_Provided material_
++++

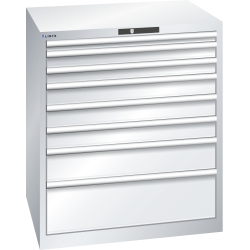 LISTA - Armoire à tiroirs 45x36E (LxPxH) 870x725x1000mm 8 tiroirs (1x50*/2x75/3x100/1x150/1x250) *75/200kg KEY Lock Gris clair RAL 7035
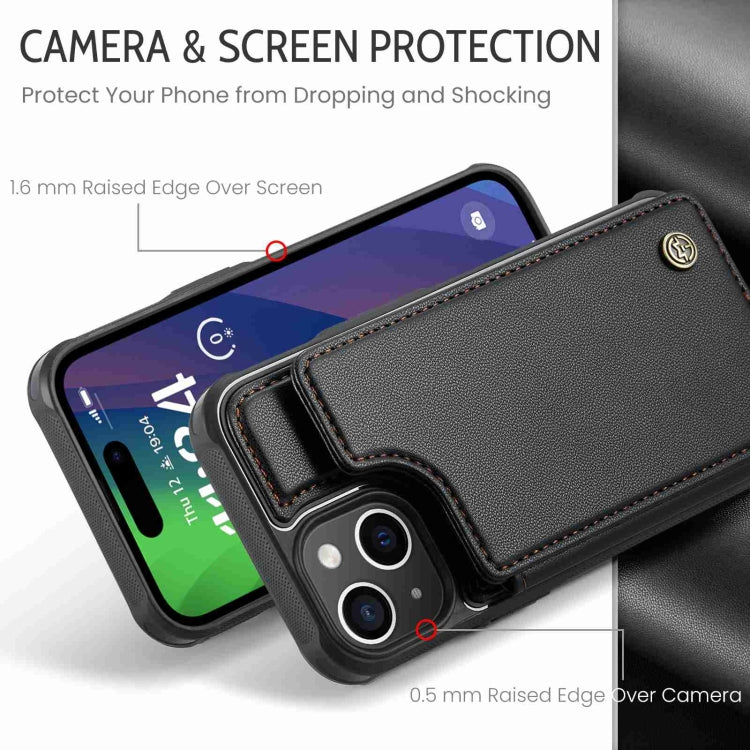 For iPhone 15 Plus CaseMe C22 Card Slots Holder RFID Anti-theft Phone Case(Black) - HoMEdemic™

++++

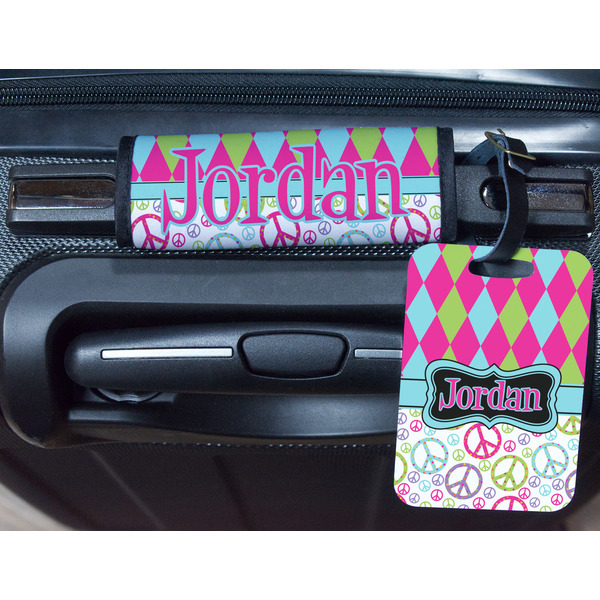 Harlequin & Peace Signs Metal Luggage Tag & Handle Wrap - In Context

++++

_Exercise directions_
Copy word for word the lines of the records above from the one with "LISTA - Armoire" up to and including the one with "For iPhone 15". Skip the pictures.

_Answer to this task_
 LISTA - Armoire à tiroirs 45x36E (LxPxH) 870x725x1000mm 8 tiroirs (1x50*/2x75/3x100/1x150/1x250) *75/200kg KEY Lock Gris clair RAL 7035
 For iPhone 15 Plus CaseMe C22 Card Slots Holder RFID Anti-theft Phone Case(Black) - HoMEdemic™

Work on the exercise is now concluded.